Andreas Eschbach, The Carpet Makers
reviewed by Jörn Grote
The Carpet Makers Author: Andreas Eschbach Publisher: TOR, April 2005 ISBN: 0765305933 Price: $17.47 US |
We are in a very far future, where a gigantic empire is ruled by an immortal emperor. Or so it seems, because the emperor is dead. But all that is unknown on a small planet where the story begins. A caste of people called the Carpet Makers is one of the most important parts in this society, where a Carpet Maker creates one carpet in his whole life, using the hair of his many wives. The people on this world believe that these carpets are for the palace of the emperor on the homeworld of the empire, and that every other planet in their galaxy has a similar, but unique task to aid the emperor.

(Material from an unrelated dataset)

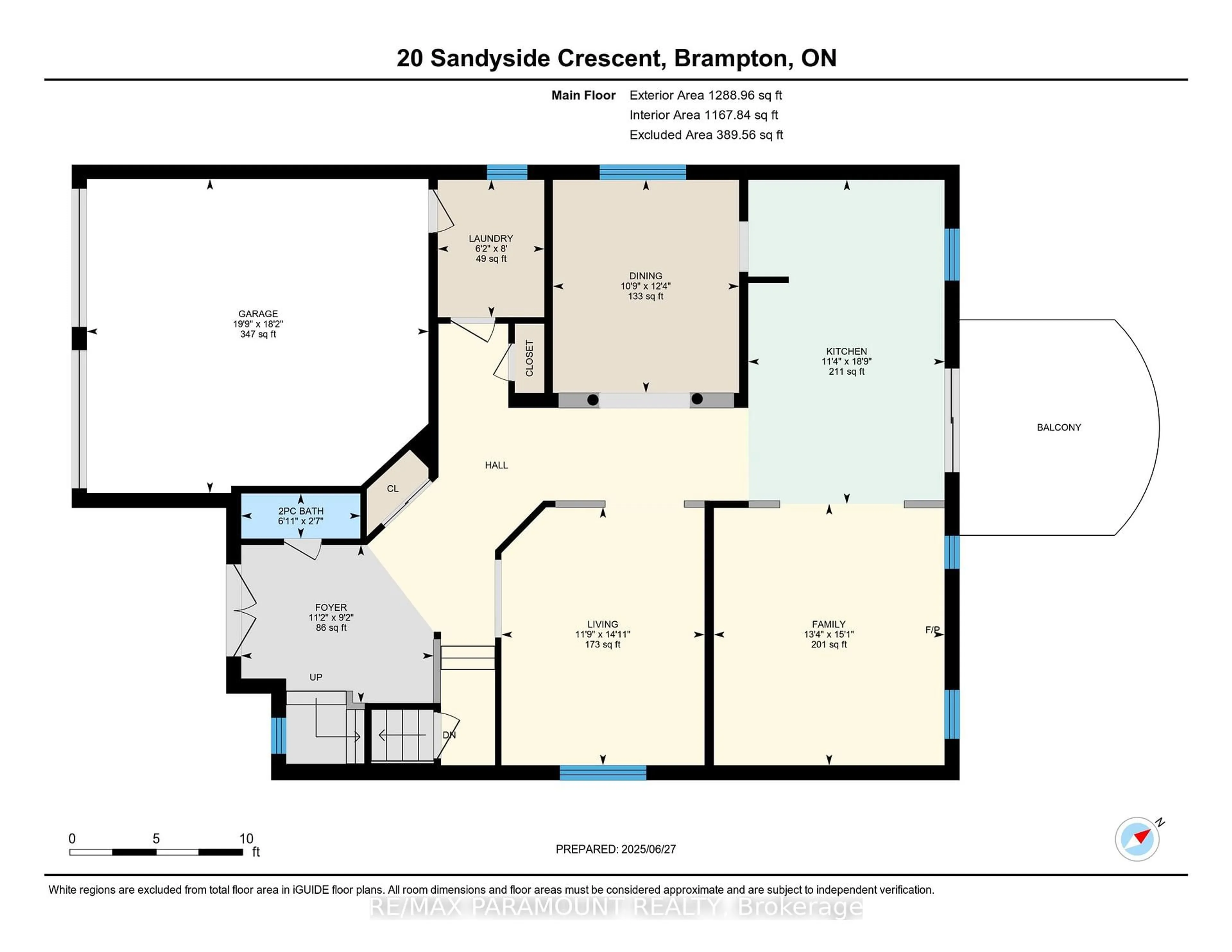 Floor plan for 20 Sandyside Cres, Brampton Ontario L7A 3P8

But the emperor is dead. And when those who have overthrown him a decade earlier discover the world of the Carpet Makers in an galaxy unknown to the rest of the empire, they are shocked. Because on every inhabited planet they find in that galaxy, there is a group of Carpet Makers. A whole galaxy with countless worlds, societies whose only large-scale task is to create these carpets, every world believing it is the only one to make the carpets. And in their search for the reason behind all this, the visitors from the regime that has toppled the empire find an ancient, unbelievable secret.

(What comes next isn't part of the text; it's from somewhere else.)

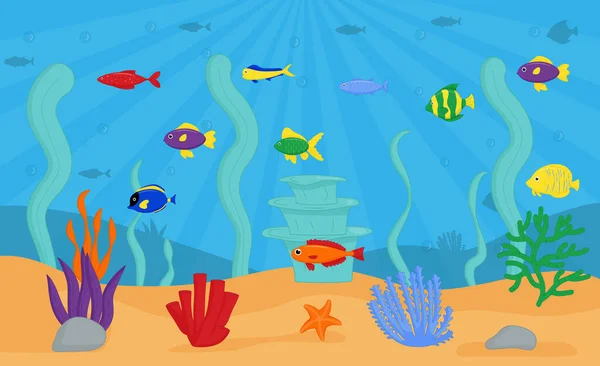 Sea underwater world. Design with fish, seaweed. — Stock Vector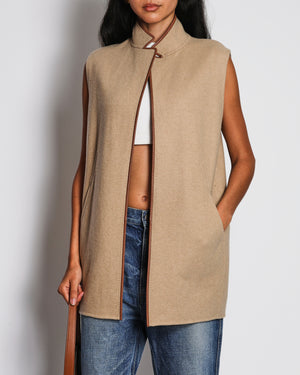 Loro Piana Camel Gilet with Brown Leather Piping Detail Size IT 44 (UK 12)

There are some things in the book that could put people off. Every story has another main character, another tale to tell, and while we often learn in later stories the end of some earlier characters, the stories that take place on the world of the Carpet Makers with their extremely rigid society are sometimes very, very bleak.
This is not a feel-good novel, most of the stories have a tragic atmosphere, little dramas that seldom show a spark of hope. And when the secret of the carpets is revealed, the futility of the little dramas and lives we have read about is heightened even more. But at least at the end of the novel, change is coming even to the worlds of the Carpet Makers, change that promises a better future.